Task prompt: Return the data exactly, without pictures.

----- Material for the task

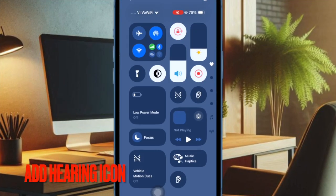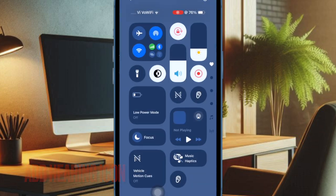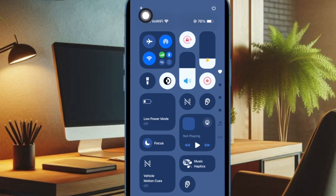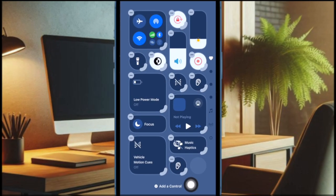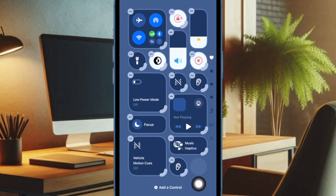To do so, swipe down from the top right corner of the screen to access the Control Center, then tap on the plus button located at the top left corner of the screen. Then tap on the Add More Controls button at the bottom.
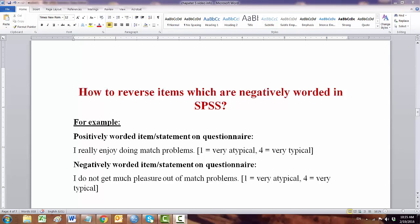How to reverse items which are negatively worded in SPSS? Depending on the nature of the items on your questionnaires, we have positive statements and sometimes negative statements. In the case you have negative statements, we need to reverse them.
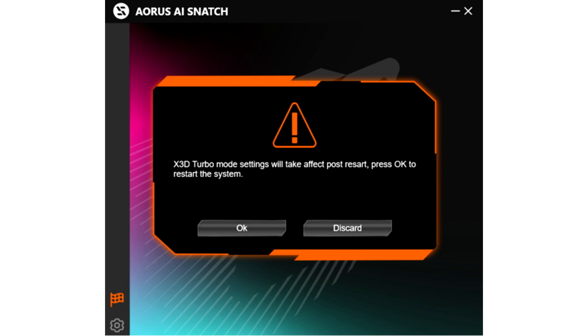Once activated, the system will reboot. To turn it off, users will need to choose the discard option from the app. In a nutshell, this won't be a feature that gamers can activate on the fly.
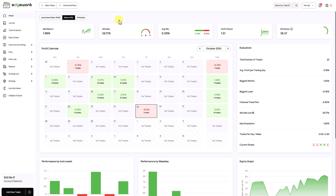With our latest Edgewonk update, you can now share your trading journals with other Edgewonk users. And this is very simple to do.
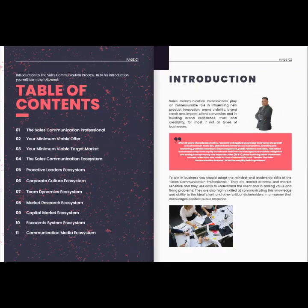Introduction to the sales communication process. In this introduction you will learn the following table of contents: one, the sales communication professional; two, your minimum viable offer; three, your minimum viable target market; four, the sales communication ecosystem; five, proactive leaders ecosystem; six, corporate culture ecosystem; seven, dynamics ecosystem; eight, market research ecosystem; nine, capital market ecosystem; ten, economic system ecosystem; eleven, communication media ecosystem.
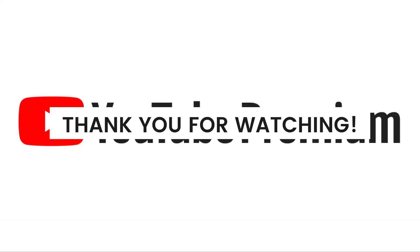I hope this video helped you. If it did, make sure to like, subscribe, and hit the bell notification so you won't miss a video. See you in the next one and have a great day!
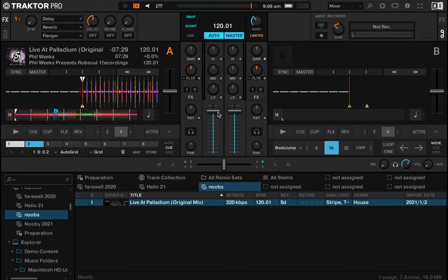Alrighty, welcome back to Traktor, the program that you will either love or it'll make you hate yourself. At the moment, I hate myself because it's just being a real bitch.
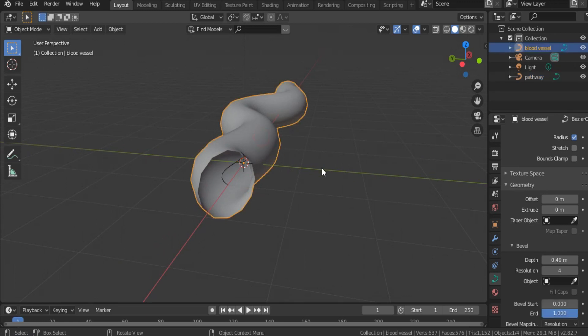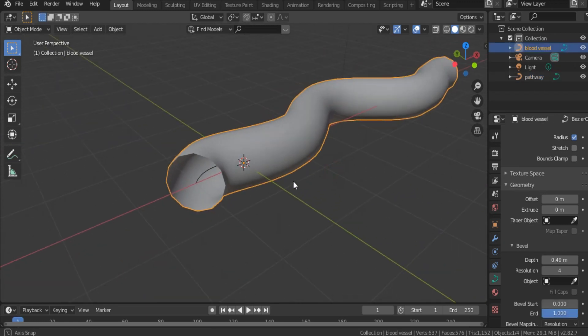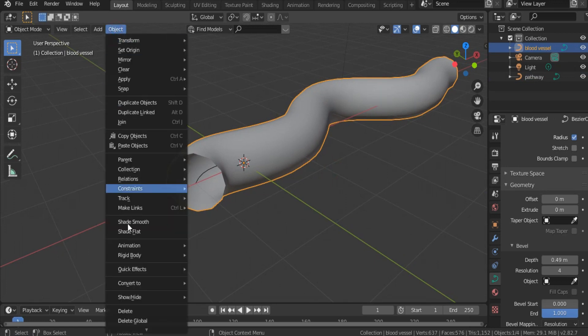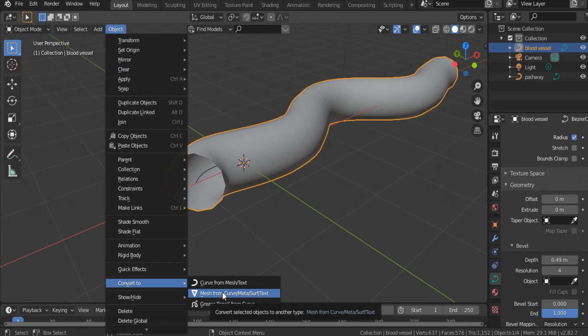Now, to apply a texture, we have to convert this object into a mesh. That's why from object list, hit convert into mesh.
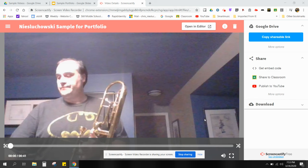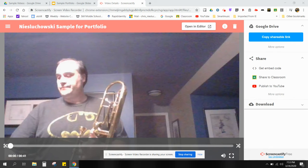Hi, this is a short little video for anyone that's having some issues uploading into their portfolios. I've just made a sample video here.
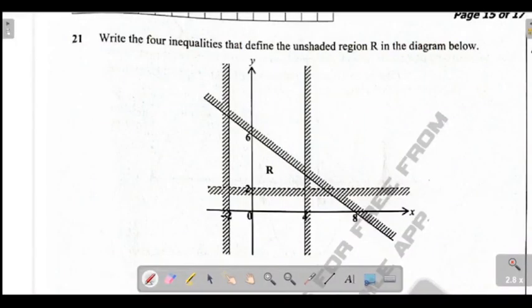Good day everybody. Welcome to my YouTube channel. I hope you are doing well wherever you are watching this video from. This is your tutor, Mr. Mlinga. I want us to look at a question specifically coming from linear programming. This is the question that comes in paper 1. You know that for linear programming it comes in paper 1 and paper 2. Our main focus is for the one that comes in paper 1.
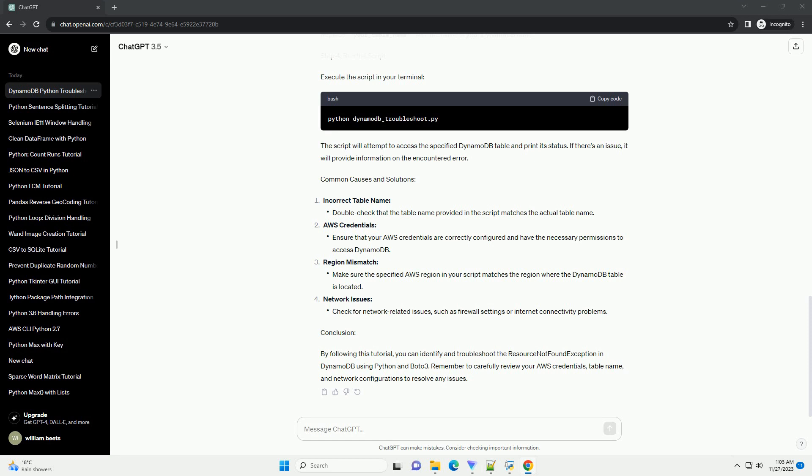Common causes and solutions: Incorrect table name, AWS credentials, region mismatch, network issues.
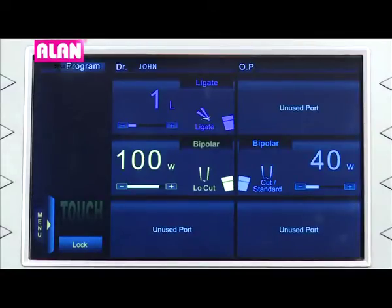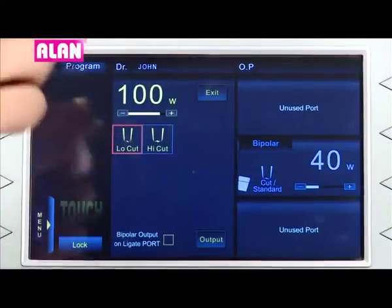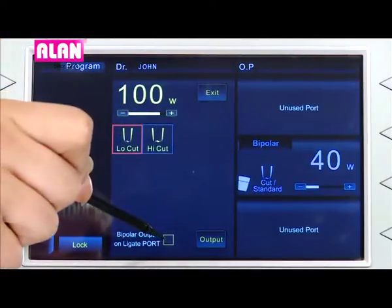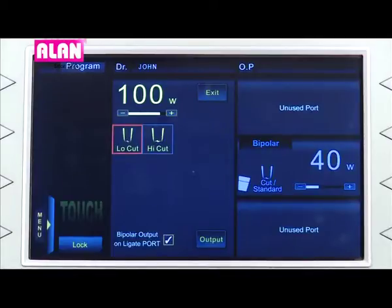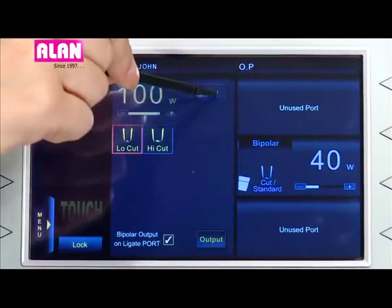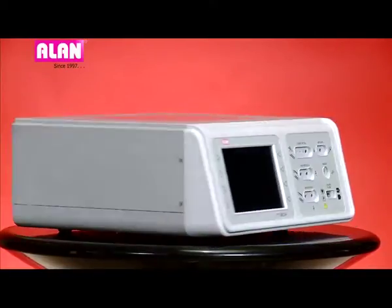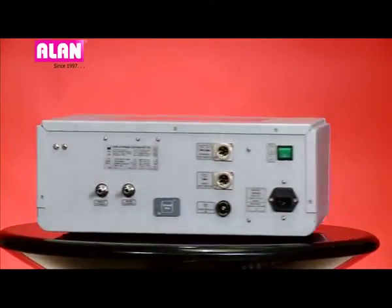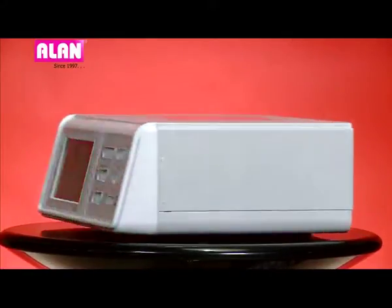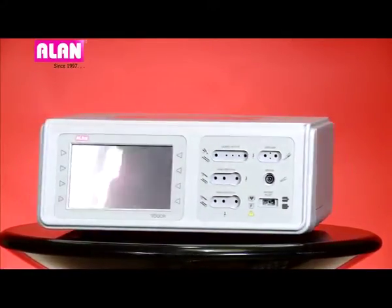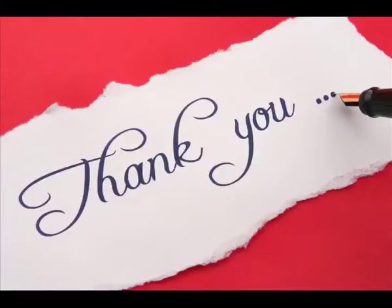To enable this feature, touch the bipolar mode icon and select the option 'bipolar output on ligate port.' In the same way, it can be disabled too by touching the bipolar output icon.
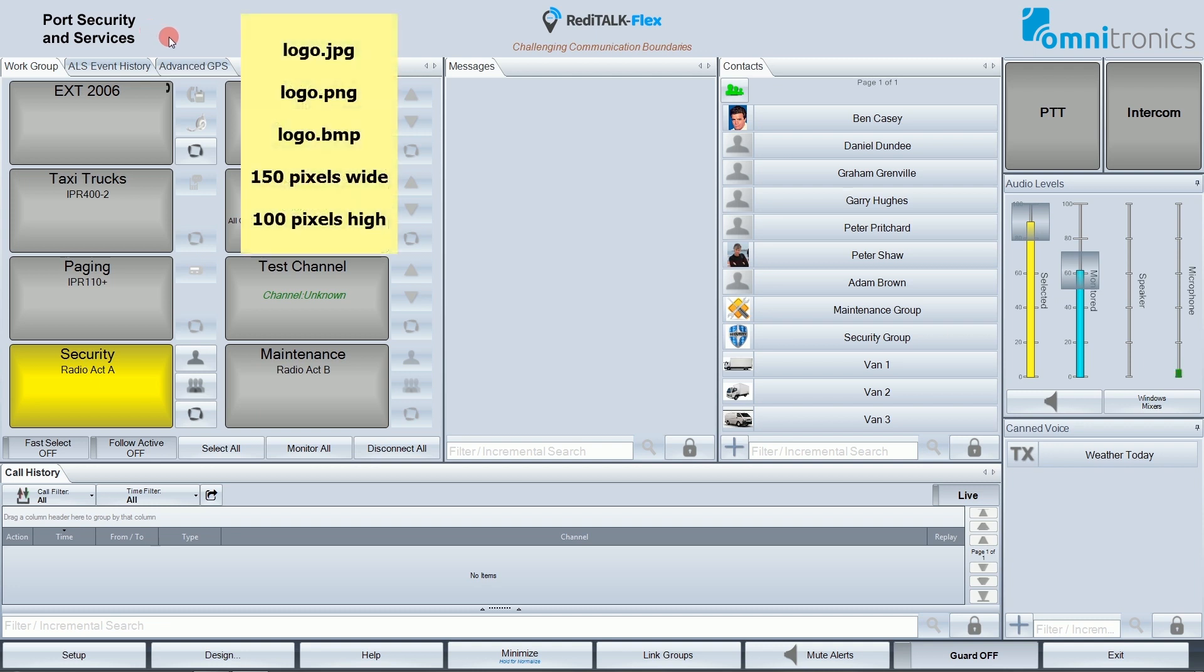Now this image can be a JPEG, PNG, or bitmap type file. Ideally the image should be 150 pixels in width by 100 pixels in height, but ReadyTalkFlex will attempt to fit different sizes.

----------

Solution:
To do so, swipe down from the top right corner of the screen to access the Control Center, then tap on the plus button located at the top left corner of the screen. Then tap on the Add More Controls button at the bottom.
How to reverse items which are negatively worded in SPSS? Depending on the nature of the items on your questionnaires, we have positive statements and sometimes negative statements. In the case you have negative statements, we need to reverse them.
Once activated, the system will reboot. To turn it off, users will need to choose the discard option from the app. In a nutshell, this won't be a feature that gamers can activate on the fly.
With our latest Edgewonk update, you can now share your trading journals with other Edgewonk users. And this is very simple to do.
Introduction to the sales communication process. In this introduction you will learn the following table of contents: one, the sales communication professional; two, your minimum viable offer; three, your minimum viable target market; four, the sales communication ecosystem; five, proactive leaders ecosystem; six, corporate culture ecosystem; seven, dynamics ecosystem; eight, market research ecosystem; nine, capital market ecosystem; ten, economic system ecosystem; eleven, communication media ecosystem.
I hope this video helped you. If it did, make sure to like, subscribe, and hit the bell notification so you won't miss a video. See you in the next one and have a great day!
Alrighty, welcome back to Traktor, the program that you will either love or it'll make you hate yourself. At the moment, I hate myself because it's just being a real bitch.
Now, to apply a texture, we have to convert this object into a mesh. That's why from object list, hit convert into mesh.
Hi, this is a short little video for anyone that's having some issues uploading into their portfolios. I've just made a sample video here.
Good day everybody. Welcome to my YouTube channel. I hope you are doing well wherever you are watching this video from. This is your tutor, Mr. Mlinga. I want us to look at a question specifically coming from linear programming. This is the question that comes in paper 1. You know that for linear programming it comes in paper 1 and paper 2. Our main focus is for the one that comes in paper 1.
Common causes and solutions: Incorrect table name, AWS credentials, region mismatch, network issues.
To enable this feature, touch the bipolar mode icon and select the option 'bipolar output on ligate port.' In the same way, it can be disabled too by touching the bipolar output icon.
Now this image can be a JPEG, PNG, or bitmap type file. Ideally the image should be 150 pixels in width by 100 pixels in height, but ReadyTalkFlex will attempt to fit different sizes.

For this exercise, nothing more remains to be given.